ANNO DEI RELIGIOSI: FINE DEI “COMMISSARIAMENTI”?
Questo monaco che, nei tragici anni dei totalitarismi e della “guerra civile italiana” (1943-1948), fu chiamato a guidare la difficile diocesi ambrosiana, «Splendette come un giusto» secondo Mons. Malnati e, «nel prossimo anno della vita consacrata, è fulgido esempio di chi veramente tutto ha lasciato per essere tutto di Dio e del suo popolo» (art. cit.). Il 2015, infatti, come annunciato da Papa Francesco a fine novembre 2013 incontrando i Superiori generali degli Istituti maschili, sarà un anno dedicato interamente alla vita religiosa, in una fase delicata nella storia della Chiesa con il commissariamento, appena ultimato ma ancora per certi versi problematico, della Congregazione dei Legionari di Cristo e quello, ancora dolorosamente perdurante, dei Francescani dell’Immacolata (cfr. I Francescani dell’Immacolata e l’assedio del «pensiero unico», in Formiche.net, 30 aprile 2014).

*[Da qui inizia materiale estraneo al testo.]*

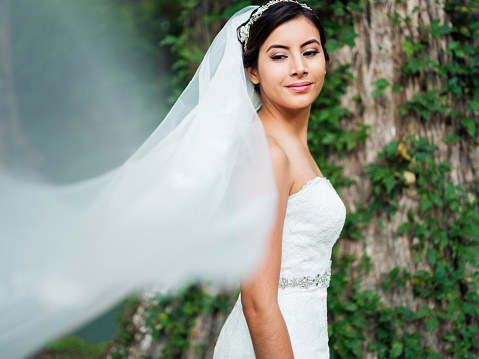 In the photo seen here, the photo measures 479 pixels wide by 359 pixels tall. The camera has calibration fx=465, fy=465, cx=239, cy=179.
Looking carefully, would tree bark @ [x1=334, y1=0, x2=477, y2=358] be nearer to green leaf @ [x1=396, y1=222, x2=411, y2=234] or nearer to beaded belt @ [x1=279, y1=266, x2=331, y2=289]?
green leaf @ [x1=396, y1=222, x2=411, y2=234]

Il 31 gennaio scorso, annunciando in conferenza stampa quest’anno dedicato alla vocazione ed alla missione dei religiosi, il cardinale João Braz de Aviz, prefetto della Congregazione per gli Istituti di vita consacrata e le Società di vita apostolica, ha specificato che il Santo Padre l’ha deciso proprio in occasione del 50° anniversario della promulgazione del Decreto conciliare Perfectae caritatis (28 ottobre 1965), “sul rinnovamento della vita religiosa”, che per la Chiesa continua ad essere un punto obbligato di riferimento. Nella solenne concelebrazione che darà inizio ufficiale all’Anno della Vita consacrata, che si avrà nella Basilica di san Pietro il 21 novembre 2014, Giornata mondiale “Pro orantibus”, ci si augura che possa finalmente venire a definizione la vicenda dei Francescani dell’Immacolata, giovane comunità di religiosi, fondata dagli ex frati Minori Conventuali padri Stefano Manelli e Gabriele M. Pellettieri il 2 agosto 1970 e riconosciuta di diritto pontificio da Giovanni Paolo II nel 1998, che da oltre un anno è ancora in sospeso (cfr. I primi nove mesi di “quarantena” dei Francescani dell’Immacolata, in Formiche.net, 18 marzo 2014).
LA PREGHIERA
Come ha spiegato ad esempio la storica Elena Nobili nel libro Ildefonso Schuster tra storia e rinnovamento cattolico (2012), il Beato benedettino è stato proprio l’uomo nel Novecento dedito al rinnovamento liturgico e della vita religiosa che, in Italia, passerebbe proprio attraverso una vivace ripresa del francescanesimo. Viene quindi bene nel prossimo Anno della vita consacrata la recita di quel passaggio della preghiera a lui dedicata: «Padre origine di ogni bene, noi ti lodiamo e ti ringraziamo perché nel beato cardinale Alfredo Ildefonso Schuster ci hai donato e fatto conoscere un pastore mansueto e infaticabile, uomo “tutto preghiera”, testimone della pace che tu solo sai donare. Signore Gesù, Figlio di Dio, tu sei stato per il cardinal Schuster modello di vita: per tuo amore fu servo appassionato di tutti, consumando ogni giorno della sua esistenza perché ciascuno potesse trovare te, Signore della vita, della pace e della gioia. Il suo esempio ci stimoli e la sua preghiera ci accompagni, perché anche noi doniamo la vita al servizio di ogni essere umano».